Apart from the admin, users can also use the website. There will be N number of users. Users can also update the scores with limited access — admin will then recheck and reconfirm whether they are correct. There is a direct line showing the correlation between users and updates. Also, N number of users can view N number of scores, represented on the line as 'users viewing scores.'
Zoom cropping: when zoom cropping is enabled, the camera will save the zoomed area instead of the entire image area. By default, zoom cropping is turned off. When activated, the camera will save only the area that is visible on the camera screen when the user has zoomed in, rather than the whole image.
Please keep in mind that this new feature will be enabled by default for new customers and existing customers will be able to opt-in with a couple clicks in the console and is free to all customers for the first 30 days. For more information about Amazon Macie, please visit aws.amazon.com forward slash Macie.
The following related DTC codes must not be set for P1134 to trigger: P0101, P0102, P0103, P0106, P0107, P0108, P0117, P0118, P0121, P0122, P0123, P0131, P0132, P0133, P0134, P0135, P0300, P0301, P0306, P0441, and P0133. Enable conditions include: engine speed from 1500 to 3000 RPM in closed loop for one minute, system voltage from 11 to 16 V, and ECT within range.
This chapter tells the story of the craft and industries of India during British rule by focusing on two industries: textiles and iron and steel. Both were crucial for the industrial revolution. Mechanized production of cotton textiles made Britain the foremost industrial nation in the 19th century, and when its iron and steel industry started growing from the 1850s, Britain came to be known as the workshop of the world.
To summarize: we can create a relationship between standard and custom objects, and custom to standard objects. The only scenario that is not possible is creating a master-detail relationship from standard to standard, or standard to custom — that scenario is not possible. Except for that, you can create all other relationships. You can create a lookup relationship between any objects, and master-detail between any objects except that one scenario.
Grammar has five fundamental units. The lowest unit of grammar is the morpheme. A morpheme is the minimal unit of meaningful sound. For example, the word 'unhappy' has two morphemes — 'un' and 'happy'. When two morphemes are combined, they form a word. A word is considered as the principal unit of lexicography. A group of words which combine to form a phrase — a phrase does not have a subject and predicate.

★ ★ ★ ★ ★

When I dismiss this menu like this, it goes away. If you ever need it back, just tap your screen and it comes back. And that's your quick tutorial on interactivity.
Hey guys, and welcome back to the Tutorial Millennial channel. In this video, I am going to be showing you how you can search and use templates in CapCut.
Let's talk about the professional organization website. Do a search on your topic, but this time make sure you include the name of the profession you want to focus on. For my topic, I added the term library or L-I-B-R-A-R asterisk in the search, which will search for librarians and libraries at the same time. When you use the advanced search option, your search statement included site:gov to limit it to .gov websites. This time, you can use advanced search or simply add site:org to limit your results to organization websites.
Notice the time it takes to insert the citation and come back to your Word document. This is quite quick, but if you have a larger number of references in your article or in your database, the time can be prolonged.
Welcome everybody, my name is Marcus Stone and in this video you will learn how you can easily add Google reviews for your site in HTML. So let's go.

★ ★ ★ ★ ★

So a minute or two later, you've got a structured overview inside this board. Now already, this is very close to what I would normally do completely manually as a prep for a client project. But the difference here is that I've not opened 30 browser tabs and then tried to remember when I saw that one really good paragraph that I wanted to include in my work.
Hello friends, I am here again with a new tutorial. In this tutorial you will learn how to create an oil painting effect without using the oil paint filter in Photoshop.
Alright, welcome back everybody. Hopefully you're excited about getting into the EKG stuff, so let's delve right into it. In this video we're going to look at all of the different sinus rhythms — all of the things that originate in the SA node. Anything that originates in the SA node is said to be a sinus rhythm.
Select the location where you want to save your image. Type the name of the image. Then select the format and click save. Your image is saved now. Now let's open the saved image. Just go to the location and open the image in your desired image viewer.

★ ★ ★ ★ ★

Everything above from the line containing "When I dismiss" down to the line containing "Welcome everybody, my" is to be transcribed exactly, with both of those lines included and nothing else added.

Answer space.
When I dismiss this menu like this, it goes away. If you ever need it back, just tap your screen and it comes back. And that's your quick tutorial on interactivity.
Hey guys, and welcome back to the Tutorial Millennial channel. In this video, I am going to be showing you how you can search and use templates in CapCut.
Let's talk about the professional organization website. Do a search on your topic, but this time make sure you include the name of the profession you want to focus on. For my topic, I added the term library or L-I-B-R-A-R asterisk in the search, which will search for librarians and libraries at the same time. When you use the advanced search option, your search statement included site:gov to limit it to .gov websites. This time, you can use advanced search or simply add site:org to limit your results to organization websites.
Notice the time it takes to insert the citation and come back to your Word document. This is quite quick, but if you have a larger number of references in your article or in your database, the time can be prolonged.
Welcome everybody, my name is Marcus Stone and in this video you will learn how you can easily add Google reviews for your site in HTML. So let's go.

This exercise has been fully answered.